By Allison Chandler
It’s Saturday morning at a Starbucks in South Keys. A well-known female slam poet has just performed for a young café worker who aspires to be one himself. Many of the coffee crowd were not expecting this spontaneous artistic expression. Some are seemingly, taken aback by her brazen words.
“A-b-c-d-h-i-v-v-v let’s make use of condoms please, please, please…,” says Ingrid Joseph, otherwise known as Oni the Haitian Sensation. It is a brilliant delivery of emotion about the reality of AIDS.
After overhearing the café worker say he would like to be a slam poet, Oni brings him to the table.
Joseph (nicknamed Oni, which means “she who is desired” in Yoruba, a Nigerian language), is making significant contributions to Canadian culture. She is a spoken word artist who tries to educate people through her activism.
Just mentioning Oni’s name in the community sparks a reaction that is so overwhelmingly positive it makes you wonder: why does her reputation speak so loudly?
Her determination to overcome challenges and her talent as a slam poet might explain it. But it’s also because Oni can hook people with her words, even if poetry isn’t your thing.
Slam poetry is the competitive art of performance poetry. Invented in 1986 by Marc Smith, a poet in Chicago, slam poetry is meant to emphasize rhythm, harmonies and image in a dynamic form.

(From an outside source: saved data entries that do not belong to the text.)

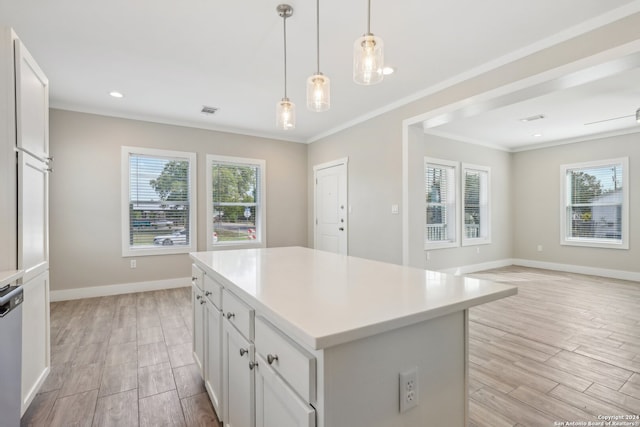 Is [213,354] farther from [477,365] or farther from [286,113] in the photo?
[477,365]

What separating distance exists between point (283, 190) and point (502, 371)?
443 cm

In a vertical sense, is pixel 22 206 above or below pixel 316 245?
above

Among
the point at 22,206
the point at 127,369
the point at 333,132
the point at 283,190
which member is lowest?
the point at 127,369

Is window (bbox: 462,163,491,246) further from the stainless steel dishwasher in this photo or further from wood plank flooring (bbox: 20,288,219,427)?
the stainless steel dishwasher

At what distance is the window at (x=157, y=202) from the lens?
4547mm

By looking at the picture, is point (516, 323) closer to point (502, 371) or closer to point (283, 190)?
point (502, 371)

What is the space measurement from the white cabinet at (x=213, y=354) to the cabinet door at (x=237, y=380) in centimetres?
10

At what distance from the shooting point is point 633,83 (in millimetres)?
3475

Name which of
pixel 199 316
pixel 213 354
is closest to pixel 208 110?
pixel 199 316

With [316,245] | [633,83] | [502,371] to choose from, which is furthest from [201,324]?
[633,83]

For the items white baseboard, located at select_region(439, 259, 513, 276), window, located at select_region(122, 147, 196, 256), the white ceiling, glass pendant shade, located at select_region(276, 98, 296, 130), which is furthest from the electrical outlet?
white baseboard, located at select_region(439, 259, 513, 276)

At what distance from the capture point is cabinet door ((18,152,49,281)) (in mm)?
1647

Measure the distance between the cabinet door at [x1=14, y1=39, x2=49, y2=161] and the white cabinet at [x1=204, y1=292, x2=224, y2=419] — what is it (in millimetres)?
1353

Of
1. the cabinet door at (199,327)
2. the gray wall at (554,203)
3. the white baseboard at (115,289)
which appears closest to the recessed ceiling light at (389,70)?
the cabinet door at (199,327) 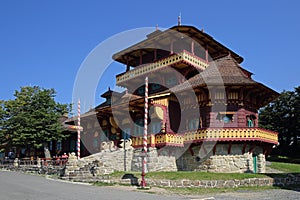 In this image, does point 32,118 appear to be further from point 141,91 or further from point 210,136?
point 210,136

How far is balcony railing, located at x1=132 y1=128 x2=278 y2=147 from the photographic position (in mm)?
25703

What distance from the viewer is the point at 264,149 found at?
1125 inches

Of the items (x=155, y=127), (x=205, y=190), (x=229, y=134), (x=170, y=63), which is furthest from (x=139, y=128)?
(x=205, y=190)

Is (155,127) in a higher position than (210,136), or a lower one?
higher

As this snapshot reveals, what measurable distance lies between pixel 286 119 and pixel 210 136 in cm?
2854

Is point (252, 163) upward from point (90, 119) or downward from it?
downward

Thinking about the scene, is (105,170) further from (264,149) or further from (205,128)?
(264,149)

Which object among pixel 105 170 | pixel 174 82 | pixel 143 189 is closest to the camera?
pixel 143 189

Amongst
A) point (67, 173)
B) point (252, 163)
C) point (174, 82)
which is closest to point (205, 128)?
point (252, 163)

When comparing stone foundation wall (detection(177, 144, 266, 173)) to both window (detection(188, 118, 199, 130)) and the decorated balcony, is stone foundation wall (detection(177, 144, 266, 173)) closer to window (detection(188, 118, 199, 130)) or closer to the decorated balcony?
the decorated balcony

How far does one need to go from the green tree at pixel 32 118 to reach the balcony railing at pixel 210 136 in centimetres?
1572

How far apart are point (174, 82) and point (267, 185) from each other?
1345 cm

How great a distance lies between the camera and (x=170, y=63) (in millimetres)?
31078

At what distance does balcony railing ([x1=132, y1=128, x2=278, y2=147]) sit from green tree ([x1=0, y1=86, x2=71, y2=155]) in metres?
15.7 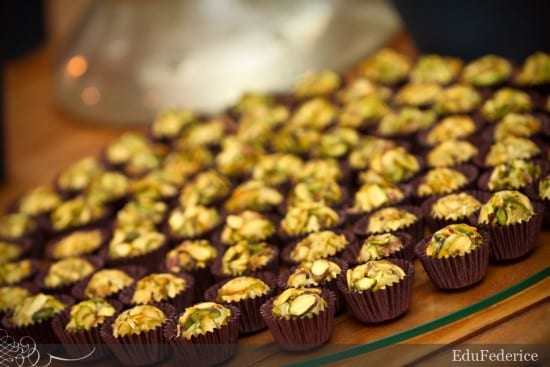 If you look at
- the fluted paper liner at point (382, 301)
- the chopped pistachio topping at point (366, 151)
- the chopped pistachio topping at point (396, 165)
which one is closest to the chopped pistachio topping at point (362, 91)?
the chopped pistachio topping at point (366, 151)

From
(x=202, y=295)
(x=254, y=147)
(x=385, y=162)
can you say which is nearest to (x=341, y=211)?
(x=385, y=162)

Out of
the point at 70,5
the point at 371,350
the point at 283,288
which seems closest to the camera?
the point at 371,350

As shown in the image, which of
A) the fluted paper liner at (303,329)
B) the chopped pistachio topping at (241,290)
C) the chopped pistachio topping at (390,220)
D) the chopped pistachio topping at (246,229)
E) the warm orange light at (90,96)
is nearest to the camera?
the fluted paper liner at (303,329)

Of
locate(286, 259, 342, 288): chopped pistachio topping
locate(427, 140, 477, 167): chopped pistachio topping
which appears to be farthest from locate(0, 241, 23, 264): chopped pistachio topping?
locate(427, 140, 477, 167): chopped pistachio topping

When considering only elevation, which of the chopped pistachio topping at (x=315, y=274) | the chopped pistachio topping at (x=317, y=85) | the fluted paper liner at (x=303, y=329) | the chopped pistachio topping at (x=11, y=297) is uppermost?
the chopped pistachio topping at (x=317, y=85)

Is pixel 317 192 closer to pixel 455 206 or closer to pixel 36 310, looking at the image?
pixel 455 206

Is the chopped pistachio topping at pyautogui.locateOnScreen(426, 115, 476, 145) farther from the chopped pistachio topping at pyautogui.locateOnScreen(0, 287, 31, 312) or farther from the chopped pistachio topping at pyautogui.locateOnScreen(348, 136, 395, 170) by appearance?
the chopped pistachio topping at pyautogui.locateOnScreen(0, 287, 31, 312)

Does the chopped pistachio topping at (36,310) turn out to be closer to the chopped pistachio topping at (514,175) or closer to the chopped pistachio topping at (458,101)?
the chopped pistachio topping at (514,175)

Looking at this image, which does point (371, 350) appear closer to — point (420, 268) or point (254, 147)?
point (420, 268) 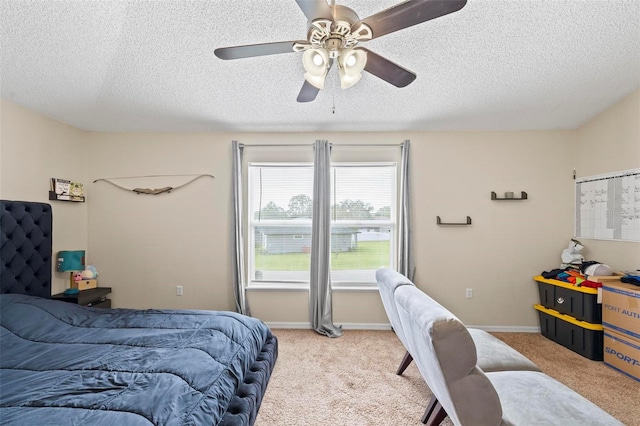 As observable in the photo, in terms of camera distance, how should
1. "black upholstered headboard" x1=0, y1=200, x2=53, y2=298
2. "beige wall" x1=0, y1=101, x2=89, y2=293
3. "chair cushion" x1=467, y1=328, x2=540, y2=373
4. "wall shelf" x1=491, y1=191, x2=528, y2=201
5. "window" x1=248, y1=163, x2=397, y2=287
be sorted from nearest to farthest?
"chair cushion" x1=467, y1=328, x2=540, y2=373, "black upholstered headboard" x1=0, y1=200, x2=53, y2=298, "beige wall" x1=0, y1=101, x2=89, y2=293, "wall shelf" x1=491, y1=191, x2=528, y2=201, "window" x1=248, y1=163, x2=397, y2=287

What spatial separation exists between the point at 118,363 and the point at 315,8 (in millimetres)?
1899

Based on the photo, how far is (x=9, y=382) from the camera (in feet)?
4.41

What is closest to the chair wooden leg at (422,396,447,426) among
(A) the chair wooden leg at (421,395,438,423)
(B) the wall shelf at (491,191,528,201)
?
(A) the chair wooden leg at (421,395,438,423)

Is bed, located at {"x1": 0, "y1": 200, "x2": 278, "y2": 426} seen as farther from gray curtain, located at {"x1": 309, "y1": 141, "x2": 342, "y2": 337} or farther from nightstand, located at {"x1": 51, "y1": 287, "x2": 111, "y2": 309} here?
gray curtain, located at {"x1": 309, "y1": 141, "x2": 342, "y2": 337}

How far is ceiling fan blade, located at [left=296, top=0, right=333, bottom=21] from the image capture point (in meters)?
1.25

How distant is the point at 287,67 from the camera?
2.52 m

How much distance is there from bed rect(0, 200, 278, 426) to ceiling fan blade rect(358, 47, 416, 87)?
6.01ft

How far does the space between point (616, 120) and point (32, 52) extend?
4.98 metres

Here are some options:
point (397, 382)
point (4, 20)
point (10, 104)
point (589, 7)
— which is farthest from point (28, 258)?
point (589, 7)

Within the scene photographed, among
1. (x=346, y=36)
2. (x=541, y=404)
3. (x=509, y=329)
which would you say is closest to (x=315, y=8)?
(x=346, y=36)

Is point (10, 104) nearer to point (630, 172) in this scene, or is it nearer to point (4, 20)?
point (4, 20)

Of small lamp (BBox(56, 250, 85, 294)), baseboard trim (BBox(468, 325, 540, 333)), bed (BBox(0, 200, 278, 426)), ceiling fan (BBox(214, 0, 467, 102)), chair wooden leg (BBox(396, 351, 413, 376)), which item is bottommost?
baseboard trim (BBox(468, 325, 540, 333))

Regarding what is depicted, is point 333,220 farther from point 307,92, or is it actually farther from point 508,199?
point 508,199

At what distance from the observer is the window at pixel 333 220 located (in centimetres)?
364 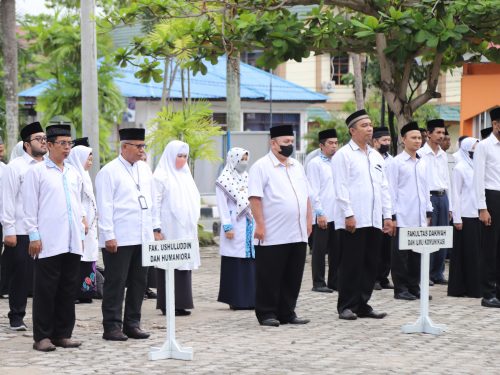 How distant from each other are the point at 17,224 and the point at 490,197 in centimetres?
530

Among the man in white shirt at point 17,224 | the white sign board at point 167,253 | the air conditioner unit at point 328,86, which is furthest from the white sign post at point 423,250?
the air conditioner unit at point 328,86

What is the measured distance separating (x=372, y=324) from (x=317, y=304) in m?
1.87

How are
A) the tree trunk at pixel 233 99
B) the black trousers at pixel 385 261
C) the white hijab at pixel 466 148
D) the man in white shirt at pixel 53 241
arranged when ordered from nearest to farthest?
the man in white shirt at pixel 53 241
the white hijab at pixel 466 148
the black trousers at pixel 385 261
the tree trunk at pixel 233 99

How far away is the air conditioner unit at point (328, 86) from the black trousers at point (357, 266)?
42913 millimetres

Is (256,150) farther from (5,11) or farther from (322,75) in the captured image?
(322,75)

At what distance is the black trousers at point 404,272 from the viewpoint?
14234 millimetres

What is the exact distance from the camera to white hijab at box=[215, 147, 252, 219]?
44.4 feet

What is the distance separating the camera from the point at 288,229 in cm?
1194

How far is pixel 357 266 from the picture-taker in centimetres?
1223

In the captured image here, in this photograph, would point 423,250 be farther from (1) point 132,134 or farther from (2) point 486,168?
(1) point 132,134

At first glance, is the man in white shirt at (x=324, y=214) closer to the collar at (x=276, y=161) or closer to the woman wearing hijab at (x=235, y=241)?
the woman wearing hijab at (x=235, y=241)

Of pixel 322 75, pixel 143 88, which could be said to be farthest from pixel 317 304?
pixel 322 75

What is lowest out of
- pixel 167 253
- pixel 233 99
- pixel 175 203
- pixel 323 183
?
pixel 167 253

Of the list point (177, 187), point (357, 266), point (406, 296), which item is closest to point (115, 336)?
point (177, 187) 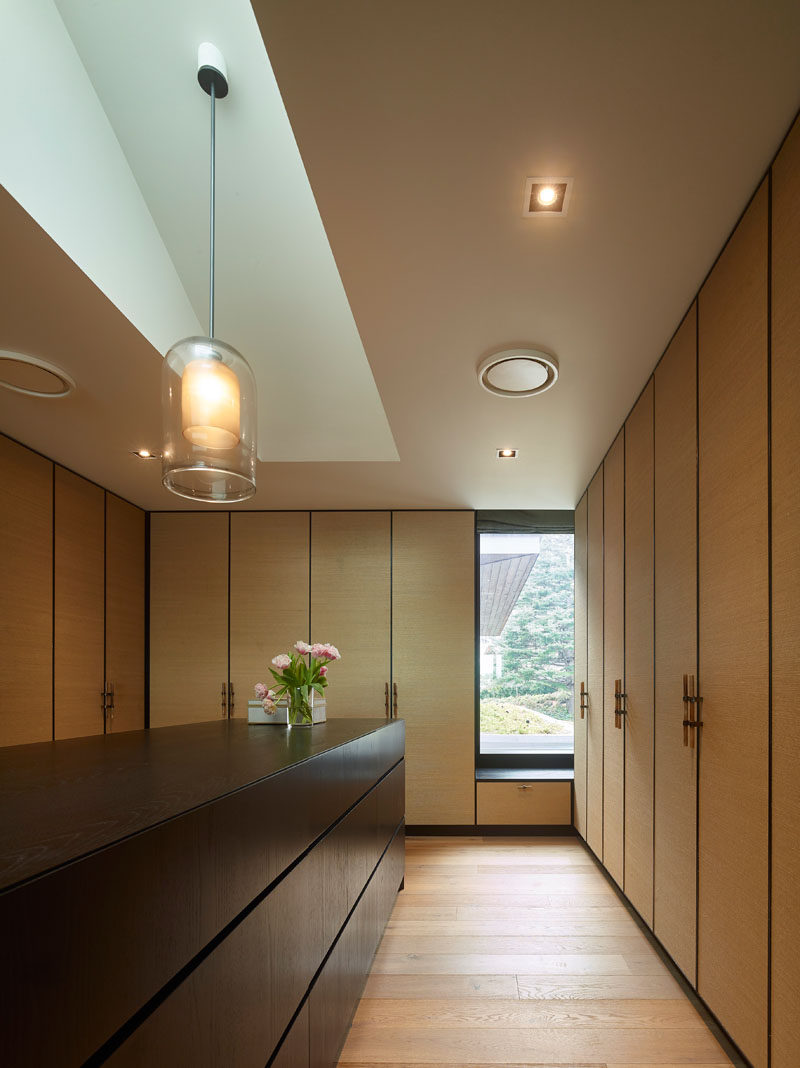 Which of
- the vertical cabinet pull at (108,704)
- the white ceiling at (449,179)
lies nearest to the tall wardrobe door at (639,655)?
the white ceiling at (449,179)

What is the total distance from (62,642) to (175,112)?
9.52 feet

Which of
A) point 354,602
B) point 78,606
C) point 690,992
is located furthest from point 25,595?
point 690,992

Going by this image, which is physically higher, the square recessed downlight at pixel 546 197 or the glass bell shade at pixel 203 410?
the square recessed downlight at pixel 546 197

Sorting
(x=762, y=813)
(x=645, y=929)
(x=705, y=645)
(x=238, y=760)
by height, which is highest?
(x=705, y=645)

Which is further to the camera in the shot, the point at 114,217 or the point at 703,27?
the point at 114,217

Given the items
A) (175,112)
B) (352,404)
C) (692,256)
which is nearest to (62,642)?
(352,404)

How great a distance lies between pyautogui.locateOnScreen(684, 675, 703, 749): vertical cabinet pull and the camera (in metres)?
2.22

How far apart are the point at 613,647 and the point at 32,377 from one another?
3.01 metres

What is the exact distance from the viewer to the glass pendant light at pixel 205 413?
6.01ft

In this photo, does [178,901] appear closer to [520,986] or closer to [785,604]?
[785,604]

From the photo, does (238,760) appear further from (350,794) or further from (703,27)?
(703,27)

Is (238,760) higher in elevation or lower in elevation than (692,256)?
lower

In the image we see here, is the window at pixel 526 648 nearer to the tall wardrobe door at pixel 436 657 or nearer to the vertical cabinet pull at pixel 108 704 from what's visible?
the tall wardrobe door at pixel 436 657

George Elliott Clarke, 2001 Governor General Award winner for poetry, is Oni’s mentor and he has watched her perform many times. He says she knows how to take issues concerning identity, race and relationships and find the poetic formula to express them.
“She has a lot of power, thought and energy,” says Clarke. “All of those things that everybody else in Canada wishes they had.”
He says she can interject humour into the serious topics she deals with in her readings, which makes her unique.
“When one takes in an Oni rendition of her poetry one finds oneself involved in a symposium, an orgy, a happening all at the same time,” says Clarke.
He says it is a cliché to talk about art being transformative, but if people of sound and open mind are in Oni’s audience, they may very well find themselves transformed.
It is this transformation after being around her that makes her addictive — not only for her message but for her personality.
After listening to Oni’s poem ABCD-HIV, her loud and intensive voice, combined with her sometimes shocking choice of words sent chills through me while I sat in the Starbucks. This is the gift everyone talks about.
“In life you have a destiny; poetry is my destiny,” explains Oni. “If you don’t choose what you do then life makes choices for you. We all have gifts; we don’t always use them.”
Paul Seesequasis, the program officer for the Canada Council for the Arts, says Oni’s voice is recognized for being dynamic and unique.
“She really pushes the envelope as an artist,” says Seesequasis.
For Oni, this ability is hereditary. She was born in Ottawa and grew up in Blossom Park, and at 33 comes from a long line of poets. With Haitian, French, Polish, Cuban and First Nations ancestry in her background, it isn’t hard to speculate as to why her material is so interesting.
Oni says slam poetry has caught on in Canada. In 2003, after competing in Chicago for the national poetry slam, she became the first director of the Canadian Spoken Word Olympics. Oni has other firsts on her résumé, like curating slam at the Ottawa International Writers Festival in 2002 and being the first Canadian woman to tour the European slam poetry circuit.
She has commissioned poems for well-known organizations, political events and many festivals but she’s also busy with other projects. Oni is an arts educator; the first poet in residence at Glebe Collegiate Institute. She has also worked as a broadcaster, publicist and producer.
“I’m just blown away that it’s all happening to the same person,” says Donna Williams, the theatre director of Arts Court in Ottawa.
She first saw Oni perform in an event called ‘Join the Crowd!,’ sponsored by the City of Ottawa.
“I am one of those people who stands on the sidelines in utter amazement,” she says.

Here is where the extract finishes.